RE: 'code unit' and 'code point' meaning check

From: Kenneth Whistler (kenw@sybase.com)
Date: Wed May 14 2003 - 18:45:07 EDT

  • Next message: Yael.Aharon@nokia.com: "Unicode conformant character encodings and us-ascii"

    Rick Cameron asked:

    > (I'm sure this is an FAQ - but why are the code points 0xd800-0xdfff not
    > considered noncharacters? Obviously no abstract character can be associated
    > with them!
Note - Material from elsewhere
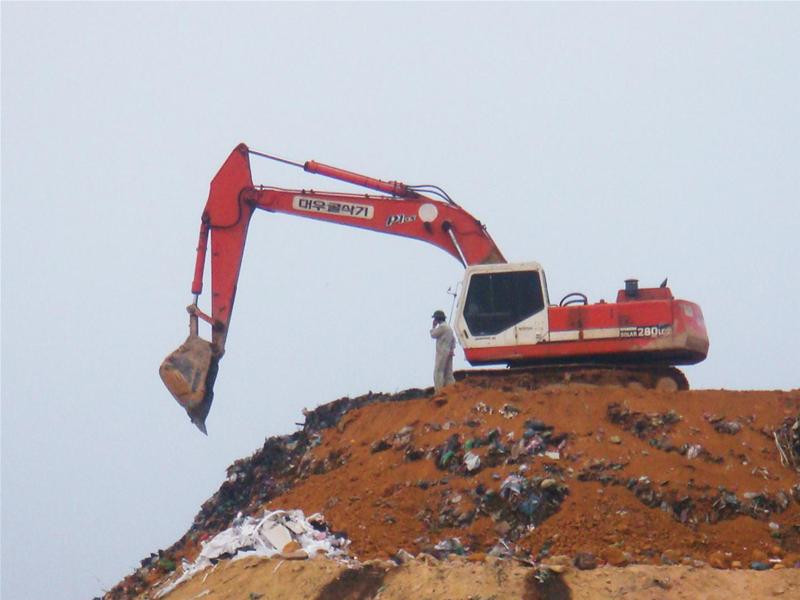 Rác đưa về khu xử lý rác Nam Sơn, Hà Nội, chất thành núi (ảnh chụp ngày 5-1) và khu này phải đóng cửa sớm hơn so với kế hoạch ban đầu.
Is there a different term that describes code points like this?)

    It's not in the online preview Chapter 3, but rather in Chapter 2
    of Unicode 4.0. (Incidentally, the editors are trying to get
    preview versions of Chapters 1 and 2 posted, as well, to help
    out with questions like this while we are waiting for the actual
    publication of the book from Addison-Wesley.)

    The answer is that in the new scheme for 4.0, the Unicode Technical Committee
    has decided on a nomenclature that divides code points into
    7 basic types (gc refers to General Category property values):

    1. Graphic (gc = [L, M, N, P, S, Zs])

    2. Format (gc = [Cf, Zl, Zp])

    3. Control (gc = Cc)

    4. Private-use (gc = Co)

    5. Surrogate (gc = Cs)

    6. Noncharacter (gc = Cn, in part)

    7. Reserved (gc = Cn, in part)

    Types 1-4 are considered *assigned* to abstract characters.
    Types 5-7 are considered *not assigned* to abstract characters.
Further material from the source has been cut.